# WHAT THIS TASK INVOLVES
Your answer must restate the listing below word for word and contain no images.

# DATA UNDER STUDY
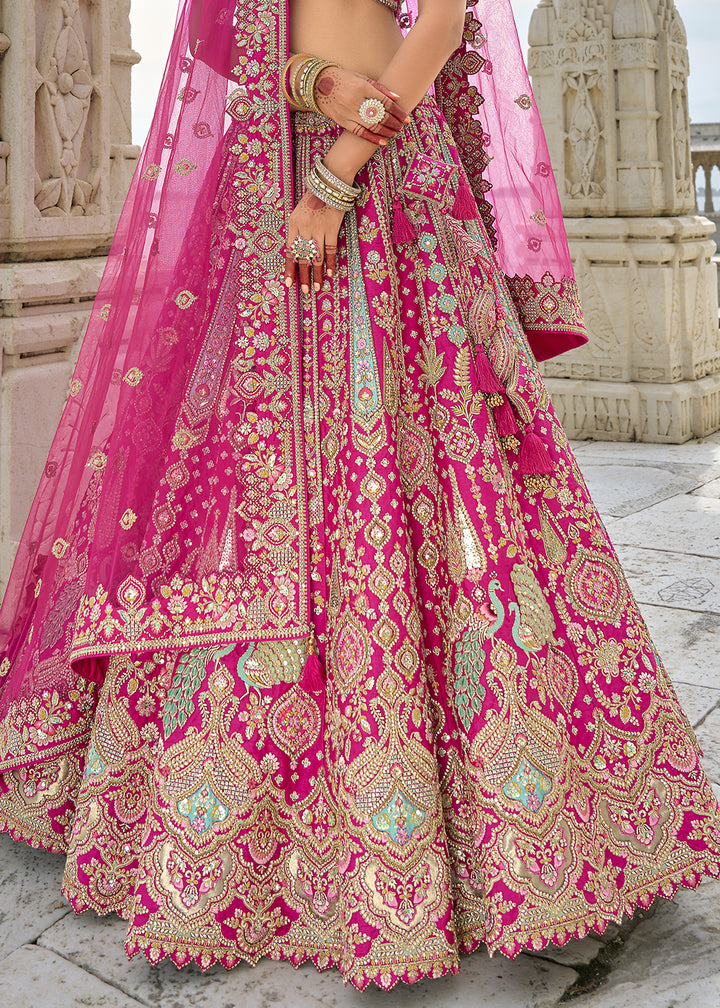 Magenta Pink Banarasi Silk Lehenga Choli with Elegant Khatli Work and Handcrafted Embroidery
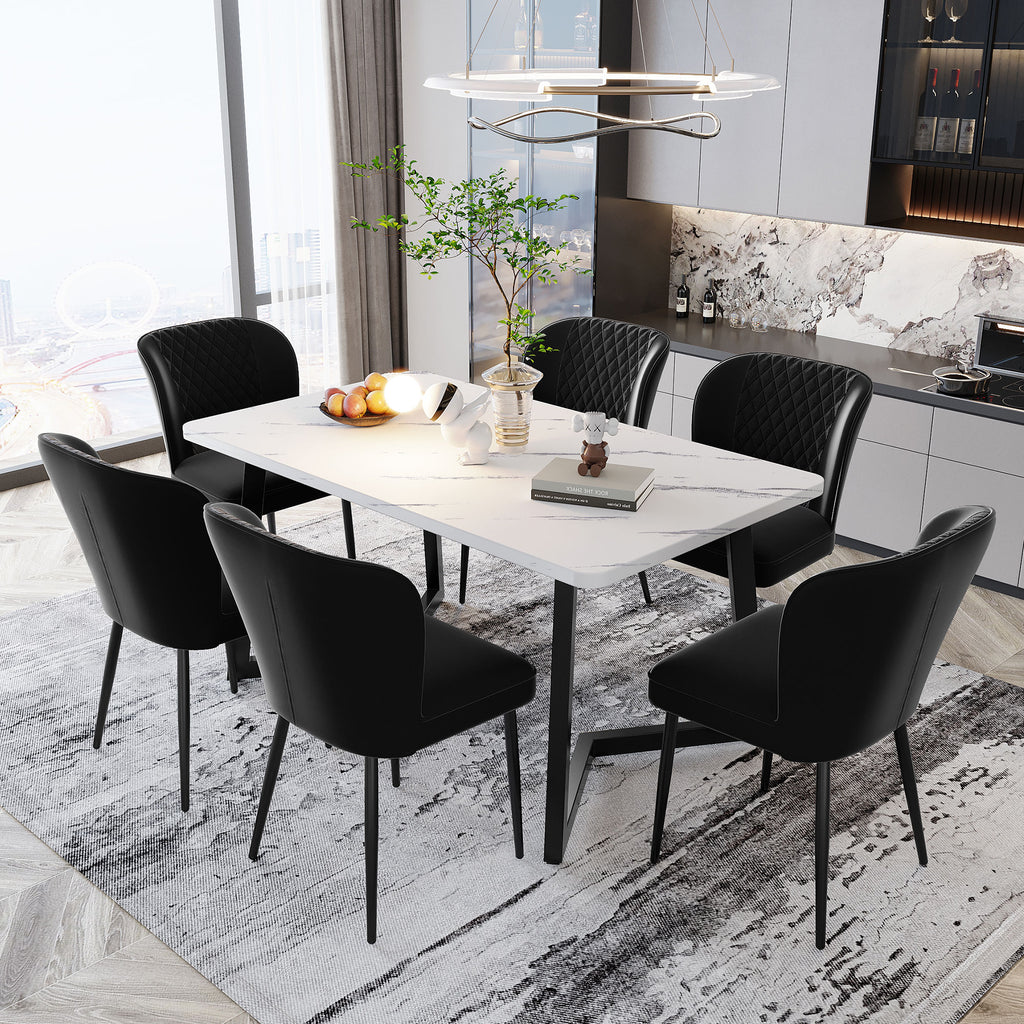 Velvet  dining chair (6 pcs), black, Modern Vanity Chair Kitchen Accent Occasional Chair with Metal Legs for Dining Room Living Room,upholstered chair  with backrest,seat in velvet metal frame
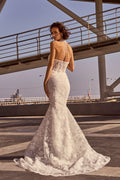 Exquisite Appliques Court Train Mermaid Wedding Dress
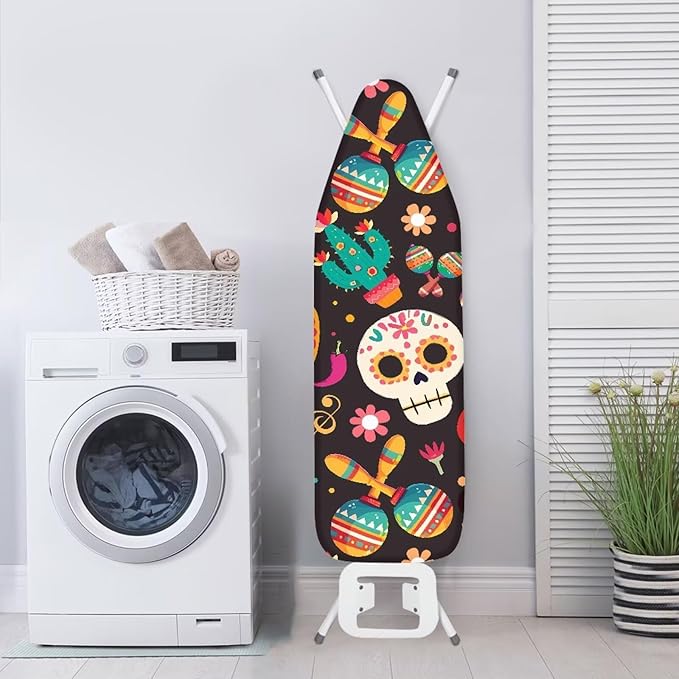 Mexican Skull Cactus Ironing Board Cover-15x 54 Elastic Edges Non-Slip Day of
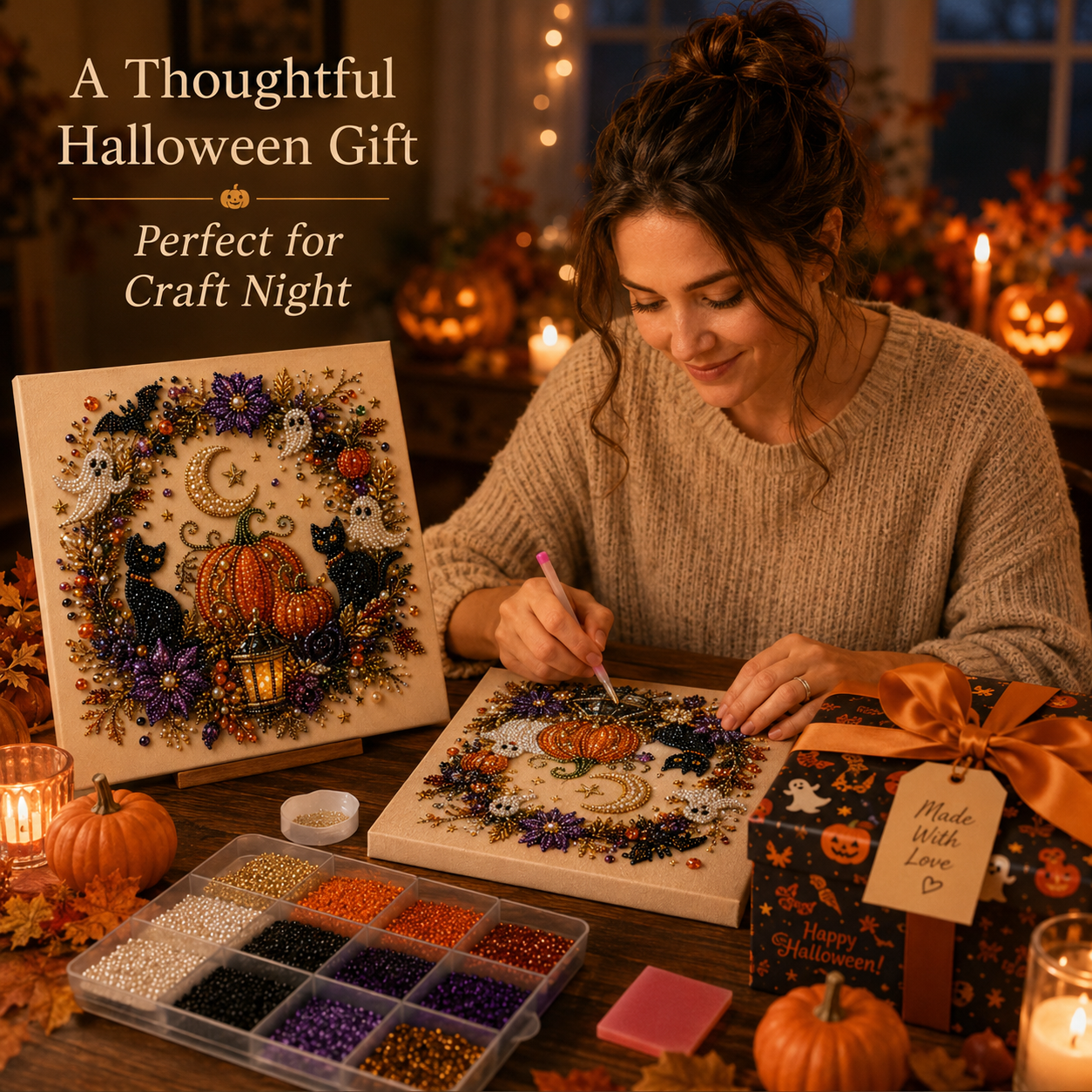 💥 Last Day 50% OFF – 2026 New 👻✨ Halloween Pearl Art DIY Kit – Turn Tiny Pearls into Spooky-Cute Magic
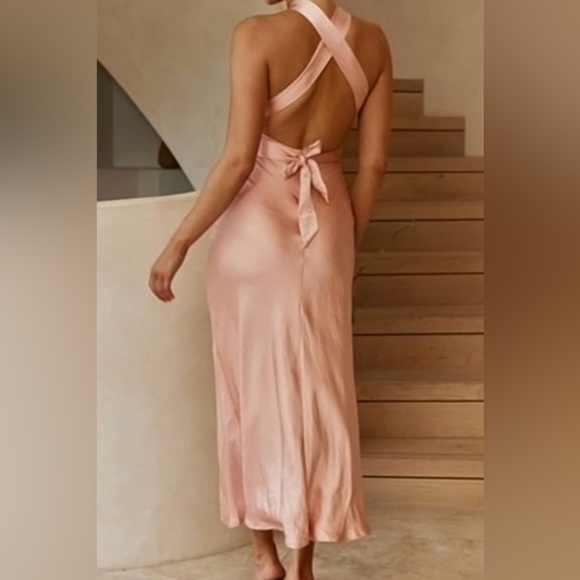 Cantonwalker | Satin High Slit Wedding Guest Formal Maxi Dress | Sz M - Picture 2 of 11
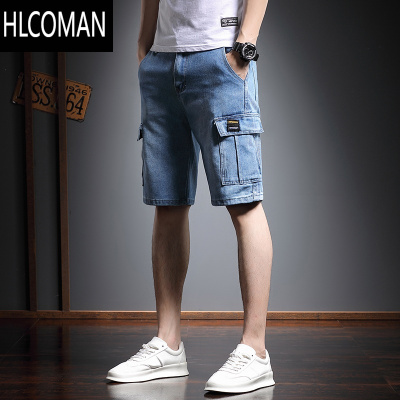 HLCOMAN潮牌牛仔短裤男夏季薄款五分韩版潮流百搭男士外穿休闲工装中裤子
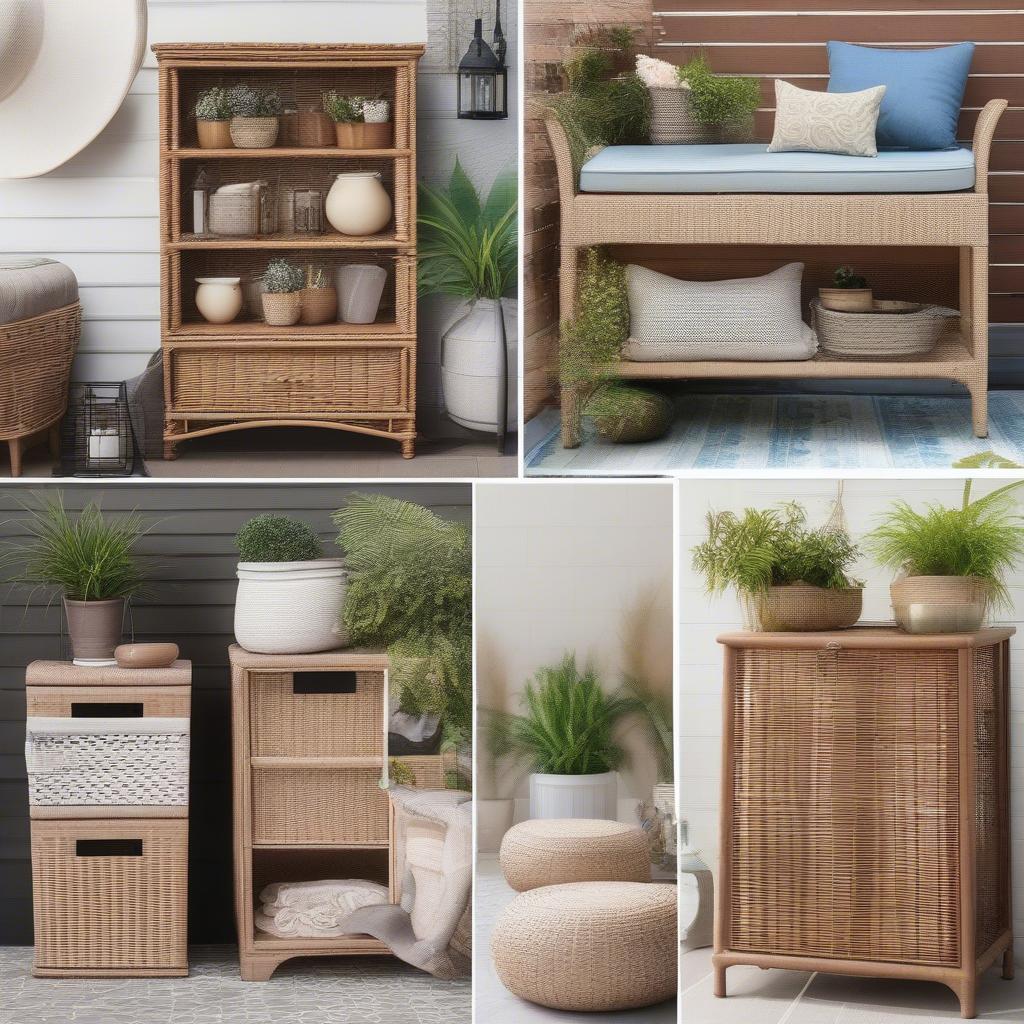 Decorating ideas for outdoor wicker storage cabinets.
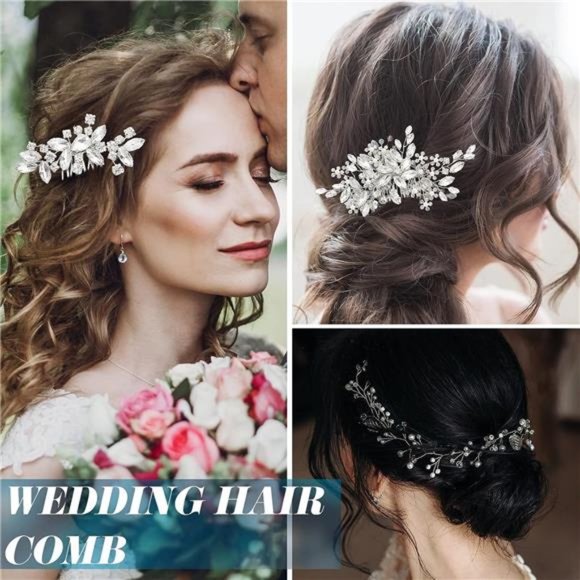 44 Pieces Wedding Hair Comb Faux Pearl Crystal Bride Hair Accessories Hair Side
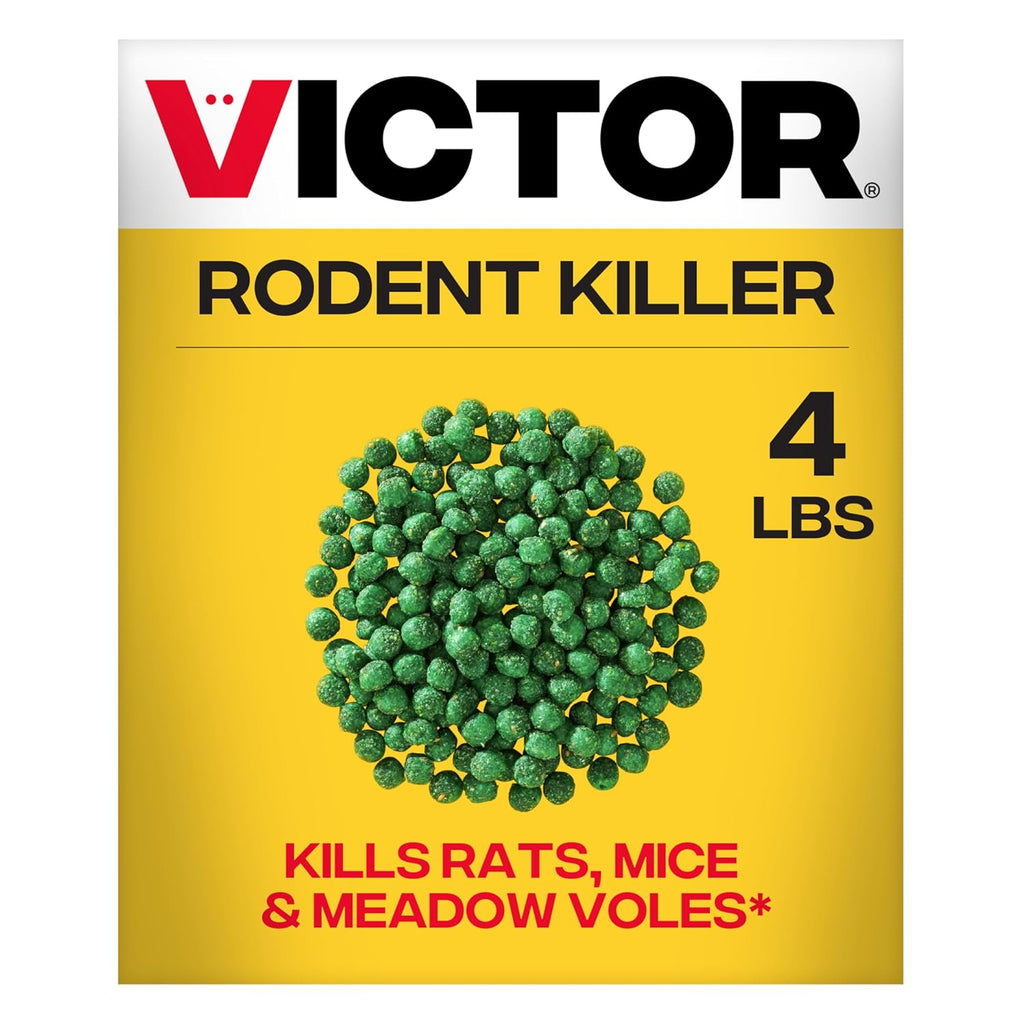 Victor Rodent Killer, 4 Lb Fish-Flavored Bait Balls, Mouse Poisoning Bait | Rat Poison For Indoor & Outdoor Use, Mice Killer, Effective Pest Control For Rats, Mice, Voles, Weather-Resistant Rodent Bait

# EXERCISE ANSWER
 Magenta Pink Banarasi Silk Lehenga Choli with Elegant Khatli Work and Handcrafted Embroidery
 Velvet  dining chair (6 pcs), black, Modern Vanity Chair Kitchen Accent Occasional Chair with Metal Legs for Dining Room Living Room,upholstered chair  with backrest,seat in velvet metal frame
 Exquisite Appliques Court Train Mermaid Wedding Dress
 Mexican Skull Cactus Ironing Board Cover-15x 54 Elastic Edges Non-Slip Day of
 💥 Last Day 50% OFF – 2026 New 👻✨ Halloween Pearl Art DIY Kit – Turn Tiny Pearls into Spooky-Cute Magic
 Cantonwalker | Satin High Slit Wedding Guest Formal Maxi Dress | Sz M - Picture 2 of 11
 HLCOMAN潮牌牛仔短裤男夏季薄款五分韩版潮流百搭男士外穿休闲工装中裤子
 Decorating ideas for outdoor wicker storage cabinets.
 44 Pieces Wedding Hair Comb Faux Pearl Crystal Bride Hair Accessories Hair Side
 Victor Rodent Killer, 4 Lb Fish-Flavored Bait Balls, Mouse Poisoning Bait | Rat Poison For Indoor & Outdoor Use, Mice Killer, Effective Pest Control For Rats, Mice, Voles, Weather-Resistant Rodent Bait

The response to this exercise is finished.